My question is this: On the left side of the car, the shoe adjuster is shortened by rotating the wheel on the adjuster counter-clockwise. In other words, the screw on the male half of the adjuster is reverse threaded, so that the screw tightens into the female half of the adjuster (and the overall length of the adjuster is shortened) when the wheel on the male half of the adjuster is turned counter-clockwise. 

Is the same true with the adjuster on the right side of the car? Or, do I need to rotate the wheel on the adjuster clockwise (the traditional "righty tighty") in order to tighten the screw in the male half of the adjuster and shorten it? 

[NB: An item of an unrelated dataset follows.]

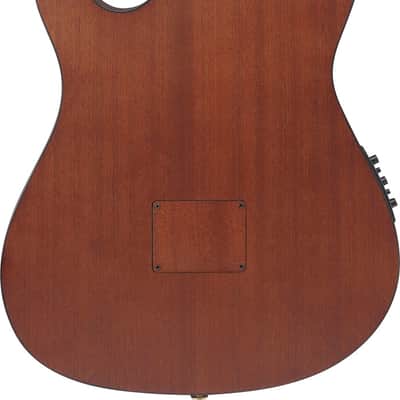 Ibanez FRH10N Thinline Nylon Acoustic Electric Guitar - Rose Gold Metallic Flat (FRH10NRGF) image 6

Thanks for any and all help. I'd like to exhaust my options with the adjuster before applying a puller to the drum (and possibly breaking it).


----------



## birdsflyingover (Dec 19, 2007)

the adjusters will have to be turned the same way on both sides.


----------



## bestb12injersey (Sep 11, 2007)

did you loosen the emergency brake? try that. it is where the hand brake is. loosen it all the way but dont take the nut out. that should solve you problem. dont forget after to tighten it with the wheel up and spin it till you have some resistance spinning the wheel


----------



## lanciat (Dec 8, 2007)

Thanks for the advice, guys. I haven't loosened the e-brake yet. I'll give that a try and report back.

Thanks again!


----------



## bob89sentra (Sep 15, 2005)

lanciat said:


> Thanks for the advice, guys. I haven't loosened the e-brake yet. I'll give that a try and report back.
> 
> Thanks again!


If it turns freely, and there is no dragging from the shoes that you can hear or feel, It is more likely that there is a big ridge worn on the edge of the drum, that the shoes are catching on. I had one that would not come loose, I ended up using a air chisel and breaking the drum apart. If loosening the adjuster on the E-brake does not help you can try using two pry-bars and try to force it off, Keeping in mind you will have to replace the hardware as well as the shoes.


----------



## lanciat (Dec 8, 2007)

birdsflyingover said:


> the adjusters will have to be turned the same way on both sides.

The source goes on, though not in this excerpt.